Recently, on the Unfundamentalist Christians Facebook page, we linked to a piece I published on my blog last November called “I’m Christian, Gay, and Too Angry to Read the Bible Anymore”, wherein I advised a Christian lesbian who found herself no longer comfortable reading the Bible:
I don’t know if the homophobia and faith issues are related to each other [she wrote], but I know that I can’t read my Bible. I try sometimes, but I feel my stomach tighten and my heart heart rate increase, and I feel like a trapped animal. … I don’t know how to separate out what is God and what is my religion. And even within my religion, I don’t know how to save what is good, and let go of the stuff that is harmful. I love Jesus, but some days I’d like nothing better than to turn my back on Christianity.
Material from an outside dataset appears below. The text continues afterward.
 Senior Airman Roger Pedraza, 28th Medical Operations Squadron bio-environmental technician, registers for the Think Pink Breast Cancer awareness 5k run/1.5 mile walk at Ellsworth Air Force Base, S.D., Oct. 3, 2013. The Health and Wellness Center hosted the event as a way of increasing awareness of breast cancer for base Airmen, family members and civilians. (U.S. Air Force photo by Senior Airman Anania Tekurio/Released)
Part of my answer to this good woman was:
If you’re angry with God, be angry with God. I think it’s safe to say that s/he will understand. If you are angry with God, think how angry God must be with the people who made you feel that way. … If you don’t feel safe reading the Bible, put your Bible away. I imagine you’ve had enough of the Bible in your life to last you awhile.
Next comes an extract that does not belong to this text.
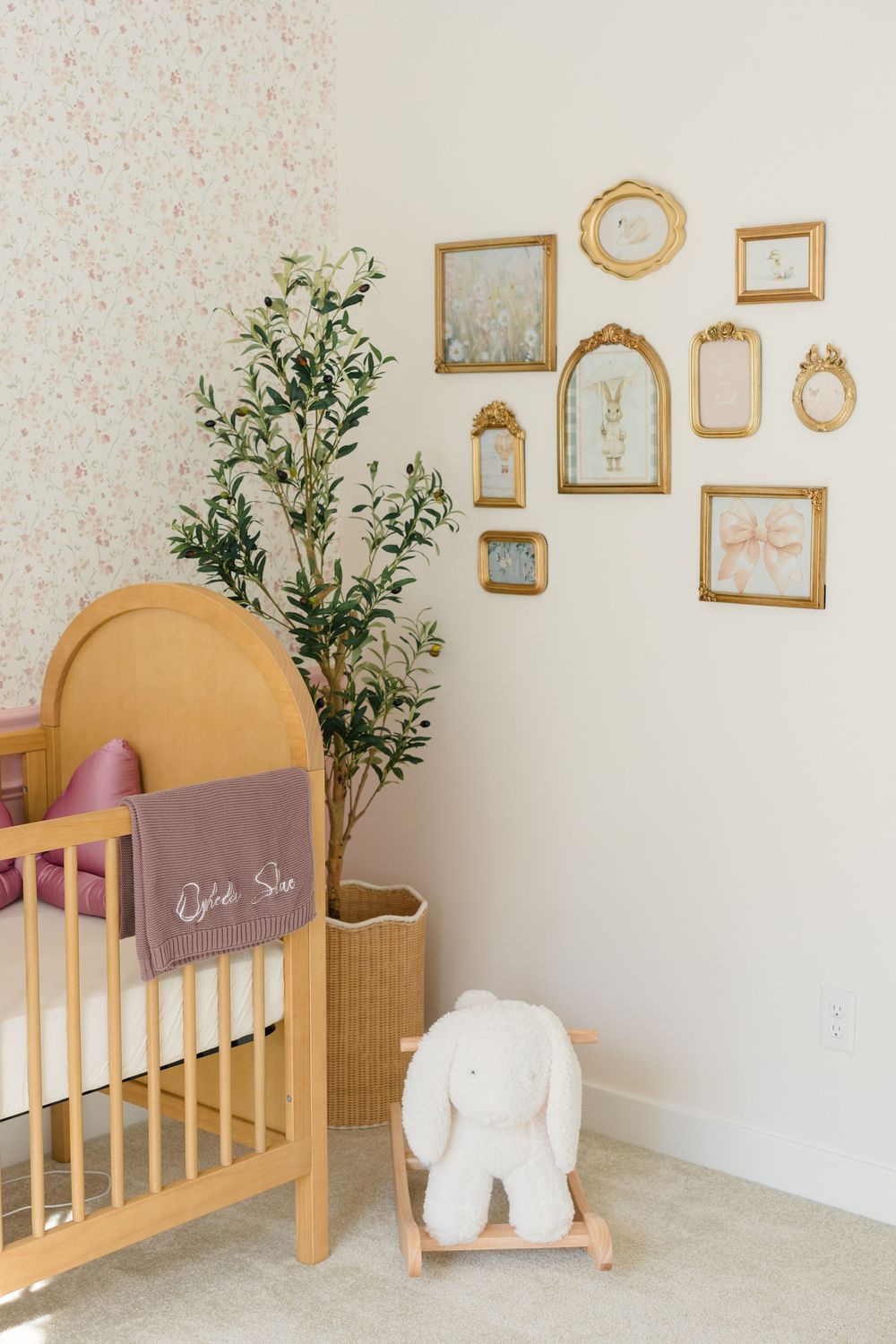 Cozy nursery with wooden crib, floral wallpaper, gold gallery wall frames, plush bunny rocker, and potted olive tree.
Back on the UC Facebook page, a commenter wrote about that post:
Bullshit. If you can’t read the Bible because you are so angry, then you are not a Christian. … If you can’t separate God from the lowbrows who are attacking you in this world, then you are not a Christian.
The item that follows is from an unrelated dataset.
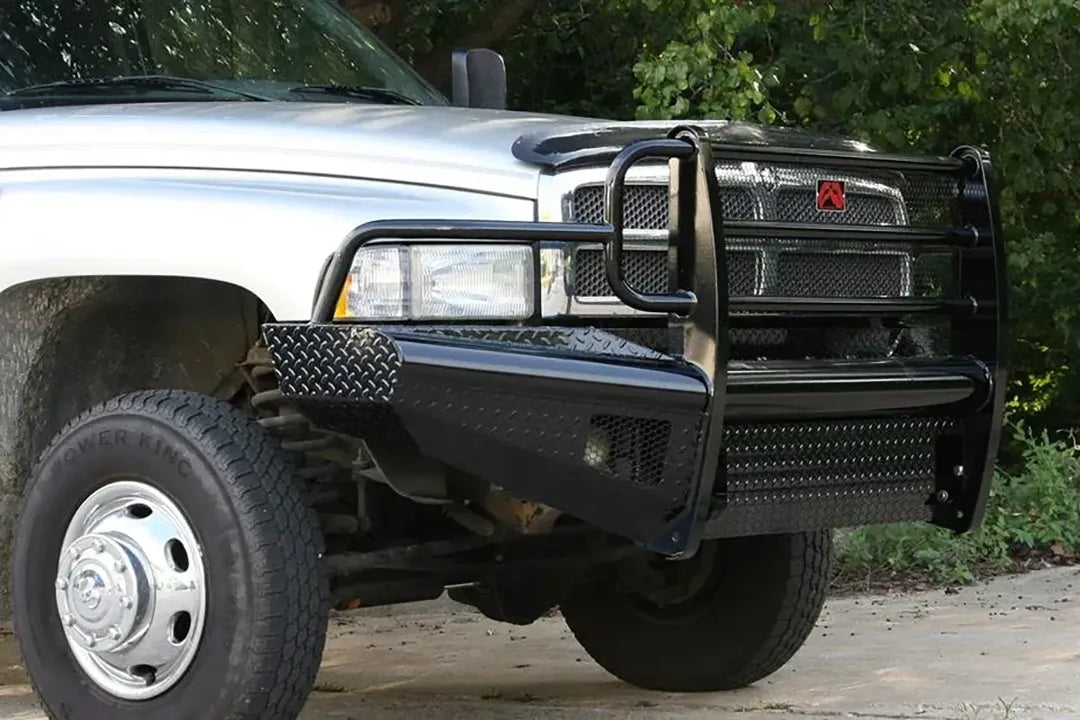 Fab Fours Black Steel front ranch bumper with full guard on a silver Ram 2500, front passenger-side three-quarter view outdoors, showing the full grille guard hoops, diamond-plate bumper face and integrated light openings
In response to which Christy Caine, our social media director (and author of the widely-read UC post The Lies Christian Fundamentalism Taught Me) wrote the comment below, which I thought so fine I wanted to share with you here.
It would be a charitable and compassionate view to understand that not all people are at the same point in their spiritual journey. Their insights and understandings about themselves, about God, about others, about how the world works and their place in it, and, frankly, their cognitive abilities to process and organize all of that, varies enormously. Our experiences vary enormously. Our education varies enormously. Each of these things independently and all of these things collectively influence how we understand our existential place in the universe.If we are humble, who can say any of us understands it all particularly well?
Our faith experience, our spiritual existence, is a process. It’s not a prayer said, or some water sprinkled, or a body dunked—and magically we’ve got it all figured out. These things take time, study, application, trial and error, patience, and a lot of work. And, like Thomas Edison, we fail more than we succeed. But when we do succeed—Oh, the light!
So, I think we need to have patience and understanding for
our bullheaded, “lowbrow” Brethren,
our slow-witted Brethren,
our impatient, low-tolerance Brethren,
our self-righteous Brethren,
and our angry, fed-up Brothers and Sisters.
Walking about saying who is in and who is out isn’t our job.
Our job is to see that everyone—everyone—is hurting or broken in some way, and that we’re supposed to love them. That’s what compassion and understanding is: knowing that the bully, and the asshole, and the jerk, and the abuser, and the drunk, and the addict, and the manipulator, and the hothead, and the punk, and the narcissist, and the true believers … it’s knowing that none of them—that no one—has been loved in all the ways they want and need to be.
Everyone has been hurt.
And hurt people hurt people.
Our job is to do our best to break that cycle.
So, let’s put all of our measuring sticks away, and just love people.
Too many of us are too guilty of too often failing to do that.